Auriez-vous des solutions ?

Merci d'avance


----------



## Anthony (14 Mai 2021)

KermitFroggy a dit:


> Auriez-vous des solutions ?


Poser la question dans la bonne section, pour commencer. Je déplace.


----------



## Pascal 77 (14 Mai 2021)

C'est un peu juste comme précisions, pour pouvoir répondre. Il faudrait savoir :


de quel iMac il s'agit : modèle octobre 99 ou modèle juillet 2000 (avec, ou sans Firewire) ?
comment est-il connecté physiquement au réseau ?
Quel navigateur utilises tu ?
quels réglages as-tu utilisé ?

En tout état de cause, il faudrait le mettre à jour, soit sous OS X 10.3.9 (Panther) si c'est un fin 99 (sans Firewire), soit en 10.4.11 (Tiger) si c'est un mi 2000, ça serait un bon début. Par ailleurs, vu l'âge du Mac, point de vue navigateur, il n'y a qu'une seule solution efficace (hélas pour un temps seulement, son développement ayant cessé le mois dernier) : Ten4Fox.
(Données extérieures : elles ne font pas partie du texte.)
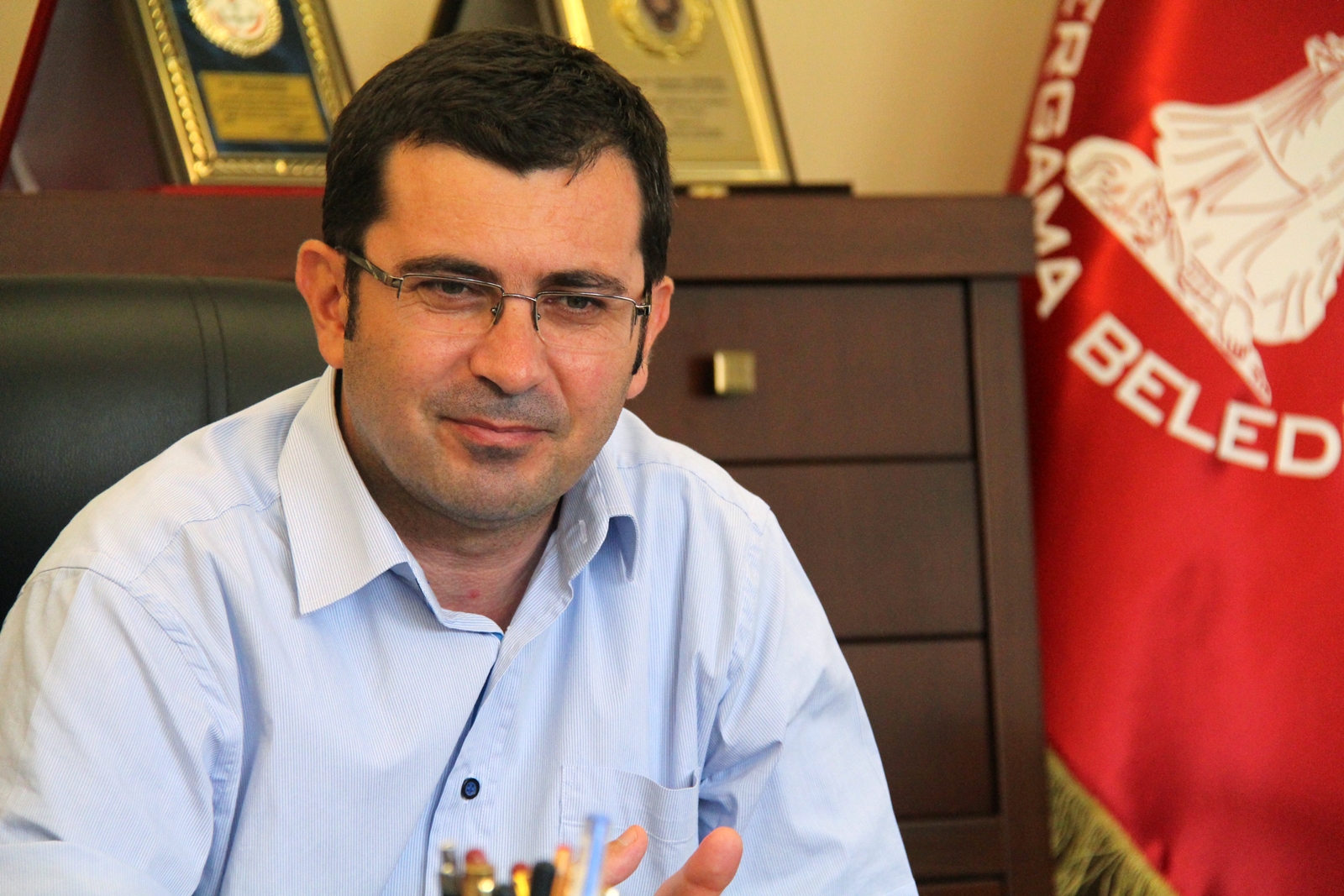 Mart seçimlerinden başarıyla çıkacağımıza inanıyorum.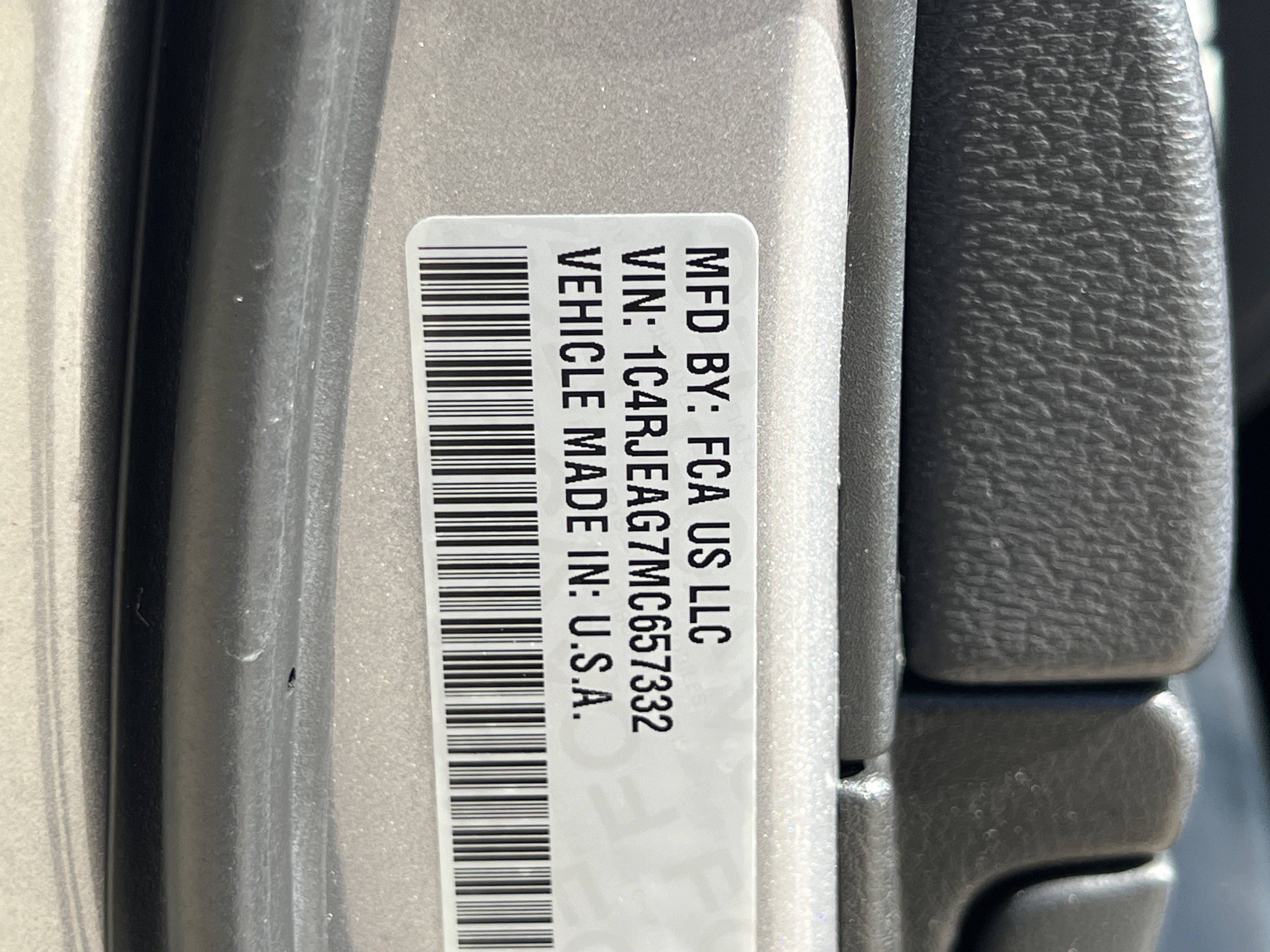 Used 2021 Jeep Grand Cherokee Laredo image 36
Il fonctionne sous Tiger, sous Panther, je ne pense pas qu'il soit compatible … À vérifier.


----------



## KermitFroggy (21 Mai 2021)

Bonjour

C'est donc un Mac de juillet 2000 sans Firewire
Il est connecté en avec un cable Ethernet (le cable marche très bien avec un ordinateur sur Windows 10)
J'utilise internet explorer
Pour les réglages je ne sais pas quoi mettre justement si quelqu'un pourrait m'aider là-dessus cela serait génial !
Pour la mise à jour du système d'exploitation, il me semble c'est la dernière version compatible avec cet iMac qui possède 64 Mo de Ram (oui ce n'est pas le maximum mais vu le prix de la sdram je ne préfère pas investir dans une machine si âgée...) 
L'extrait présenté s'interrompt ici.